Miremont-le-Crêt (1956–57) est une démonstration probante des recherches sur le logement dans le second après-guerre. L’architecte Marc J. Saugey y déploie tout son talent ; « l’espace habitable »1 devient alors une occasion privilégiée d’expérimentation architecturale, typologique, constructive aussi. Le recours à une structure porteuse ponctuelle en béton armé autorise une articulation savante des appartements mono-orientés, disposés selon une trame 30°-60°, dans une volumétrie générale parfaitement maîtrisée du point de vue plastique. A leur tour, l’ambiance et la spatialité intérieures tirent parti de la conception des façades scandées par les loggias à redents.
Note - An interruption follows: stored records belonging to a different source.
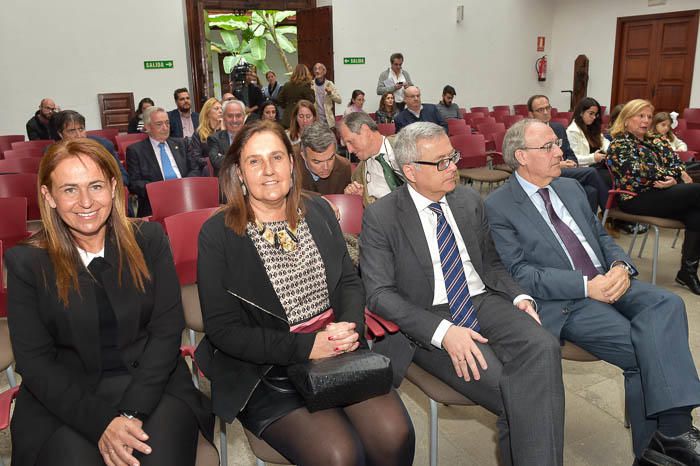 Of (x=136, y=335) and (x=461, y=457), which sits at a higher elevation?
(x=136, y=335)

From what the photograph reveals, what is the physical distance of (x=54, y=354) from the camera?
1.62 metres

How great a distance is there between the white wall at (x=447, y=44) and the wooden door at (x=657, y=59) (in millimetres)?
2020

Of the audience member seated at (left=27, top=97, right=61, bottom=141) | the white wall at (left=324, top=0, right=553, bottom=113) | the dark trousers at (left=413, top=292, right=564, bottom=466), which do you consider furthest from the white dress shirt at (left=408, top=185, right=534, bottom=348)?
the white wall at (left=324, top=0, right=553, bottom=113)

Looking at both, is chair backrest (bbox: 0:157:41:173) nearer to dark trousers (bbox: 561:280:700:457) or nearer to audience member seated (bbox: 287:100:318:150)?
audience member seated (bbox: 287:100:318:150)

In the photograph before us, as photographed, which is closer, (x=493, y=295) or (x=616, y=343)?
(x=616, y=343)

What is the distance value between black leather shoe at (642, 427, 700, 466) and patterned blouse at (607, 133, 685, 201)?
238 centimetres

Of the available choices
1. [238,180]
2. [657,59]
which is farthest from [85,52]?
[657,59]

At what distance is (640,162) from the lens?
3.87 m

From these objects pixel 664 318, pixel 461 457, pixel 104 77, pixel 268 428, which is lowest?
pixel 461 457

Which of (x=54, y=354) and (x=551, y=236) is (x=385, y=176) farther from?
(x=54, y=354)

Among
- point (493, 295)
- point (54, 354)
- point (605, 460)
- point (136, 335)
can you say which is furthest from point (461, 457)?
point (54, 354)

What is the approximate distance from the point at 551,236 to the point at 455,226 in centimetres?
44

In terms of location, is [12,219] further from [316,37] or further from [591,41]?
[591,41]

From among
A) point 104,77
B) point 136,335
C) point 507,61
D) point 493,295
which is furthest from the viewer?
point 507,61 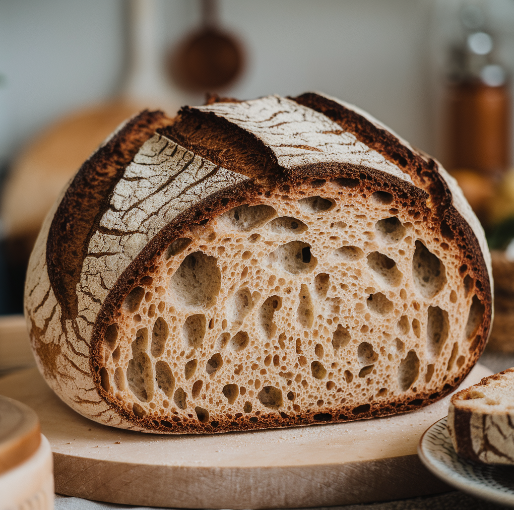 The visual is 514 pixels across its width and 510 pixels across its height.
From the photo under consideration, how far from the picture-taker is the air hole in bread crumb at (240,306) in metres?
1.21

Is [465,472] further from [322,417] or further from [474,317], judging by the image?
[474,317]

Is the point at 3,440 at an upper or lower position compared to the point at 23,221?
upper

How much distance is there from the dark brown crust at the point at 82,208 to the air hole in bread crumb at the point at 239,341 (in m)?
0.28

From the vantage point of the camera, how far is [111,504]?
3.55ft

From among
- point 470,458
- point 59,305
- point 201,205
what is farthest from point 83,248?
point 470,458

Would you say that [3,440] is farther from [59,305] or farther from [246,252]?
[246,252]

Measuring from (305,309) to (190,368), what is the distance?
0.24 meters

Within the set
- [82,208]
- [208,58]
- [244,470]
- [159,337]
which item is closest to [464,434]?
[244,470]

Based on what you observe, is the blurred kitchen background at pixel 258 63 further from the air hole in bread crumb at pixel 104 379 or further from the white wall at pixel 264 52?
the air hole in bread crumb at pixel 104 379

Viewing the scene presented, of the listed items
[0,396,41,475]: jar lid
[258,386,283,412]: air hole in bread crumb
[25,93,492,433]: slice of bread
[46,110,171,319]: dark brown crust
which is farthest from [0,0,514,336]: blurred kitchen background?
[0,396,41,475]: jar lid

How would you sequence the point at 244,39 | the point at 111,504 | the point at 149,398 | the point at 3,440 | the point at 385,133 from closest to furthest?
the point at 3,440, the point at 111,504, the point at 149,398, the point at 385,133, the point at 244,39

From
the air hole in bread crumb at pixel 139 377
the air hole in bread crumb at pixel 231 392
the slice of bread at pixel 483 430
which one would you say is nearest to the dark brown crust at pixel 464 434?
the slice of bread at pixel 483 430

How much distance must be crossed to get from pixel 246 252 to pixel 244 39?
323 cm

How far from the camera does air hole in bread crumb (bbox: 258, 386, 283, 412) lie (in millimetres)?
1257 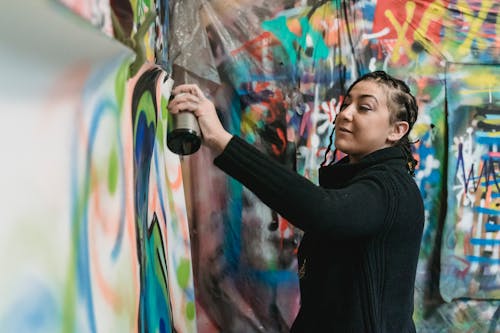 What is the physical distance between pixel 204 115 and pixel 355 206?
0.31 metres

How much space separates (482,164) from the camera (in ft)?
6.44

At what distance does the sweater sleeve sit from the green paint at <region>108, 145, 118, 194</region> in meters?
0.18

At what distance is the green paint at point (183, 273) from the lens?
4.84 ft

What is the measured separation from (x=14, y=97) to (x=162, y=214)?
738 millimetres

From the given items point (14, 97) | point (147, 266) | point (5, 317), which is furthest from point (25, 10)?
point (147, 266)

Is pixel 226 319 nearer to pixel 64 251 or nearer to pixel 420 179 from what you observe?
pixel 420 179

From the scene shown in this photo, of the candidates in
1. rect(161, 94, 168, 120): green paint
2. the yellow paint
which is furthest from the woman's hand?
the yellow paint

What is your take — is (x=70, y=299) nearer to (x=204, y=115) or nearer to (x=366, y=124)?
(x=204, y=115)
Ces enveloppes caractérisées par des larges baies vitrées sont mouvementées par une juxtaposition habile de composants issus de l’industrie la plus dynamique de l’époque : verres clairs et armés translucides, bardages nervurés et brise-vue en alliage aluman, plaques en fibrociment, éléments préfabriqués en béton lisse. Quant aux pans vitrés du hall d’entrée en décaissé, ils sont littéralement « dématérialisés » pour assurer la continuité spatiale avec le parc, une spectaculaire pièce à ciel ouvert délimitée par les œuvres d’art de Louis Bongard. Grâce à des vastes surfaces en verre simple sécurisé, soutenues par des belles serrureries associant tubulaires en acier et parcloses en aluminium, l’effet est assurément remarquable, accentué par le prolongement à l’extérieur du revêtement de sol en terrazzo.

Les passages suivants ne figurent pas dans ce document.